Architect: Cook+Fox Architects
Location: New York, NY
Client: Cook+Fox Architects LLP
Completion: July 2006
Size: 12,121 SF

This interior design project from 2006 by Cook + Fox Architects is the first LEED Platinum certified project in New York. It is an office space in one of New York City’s early 20th Century skyscrapers, one that still has much of its architectural details intact, along with some new features that make it a sustainable factor within the city’s urban terrain.

©Bilyana Dimitrova

The office space at 641 Avenue of the Americas is inspired by the desire to create a healthy and productive work environment.  Among its many features, the most prominent is the 3600 square foot rooftop garden that features drought-tolerant, low-maintenance sedum species with a flexible, nylon module system called Green Paks.  The green roof contributes to reducing storm water runoff, reducing the building’s cooling load and fighting the heat island effect in New York City.

©Cook+Fox Architects

The roof was a made possible by Cook + Fox volunteers that hand-laid the Green Paks and prepared plants.  It also benefited from the collaboration with the Gaia Institute in which they studied water retention and growth rates of the sedums to choose those most beneficial to the environment of the rooftop garden.  As part of a larger effort to inform environmental decisions among designers and architects, the Gaia Institute was also invited to test  the success of various soil aggregate compositions.

©Cook+Fox Architects

This project has been used as an example by Mayor Bloomberg’s PlaNYC campaign to advocate long-term sustainability goals, strategies and possibilities afforded by even the most urban environments.  Regular tours of office give a better look at the various systems at play that make this office a healthy environment and an example of a sustainable approach to interior design.

©Cook+Fox Architects

The office has many features that contribute to its LEED Platinum status.  It has an upgraded HVAC system, operable windows, low-VOC materials, and benefits from the amount of sunlight that the office gets over the course of the day.  These features contribute to natural ventilation that help protect the indoor air quality year round.  Water-saving strategies include waterless urinals, dual-flush toilets, and motion sensor lavatory faucets.  These contribute to a 40% reduction in water consumption.  Natural materials were also selected for the office, those which have durability, are local and have ecologically friendly features.  These help the office act as an experimental zone, or “learning lab”, to develop materials that are more environmentally responsible. In 2011, the interior design made it on the AIA’s Interiors Merit Winners.

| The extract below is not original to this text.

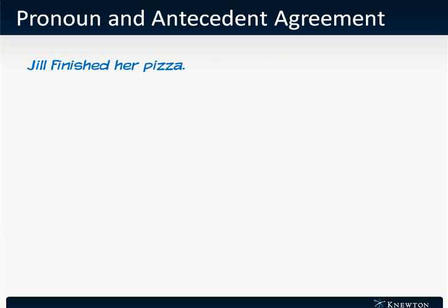Let's take a look at another example. 'Jill finished her pizza.' Jill is a singular female noun. Her is a singular female pronoun. The sentence again is correct.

MEP Engineer: Flack+Kurtz, Inc.
Green Roof Consultant: Green Roof Blocks/Green Paks
Lighting Consultant: Cline Bettridge Bernstein Lighting Design, Inc.
HVAC Controls Consultant: Trane New York
General Contractor: Stephens Construction
Millwork: Woodweave Furniture Company
Commissioning Agent: Jaros, Baum, and Bolles
Graphic Design Consultant: Doyle Partners
Code Consultant: JAM Consultants, Inc.

Check out some of Cook+Fox Architects’ other projects featured on ArchDaily here.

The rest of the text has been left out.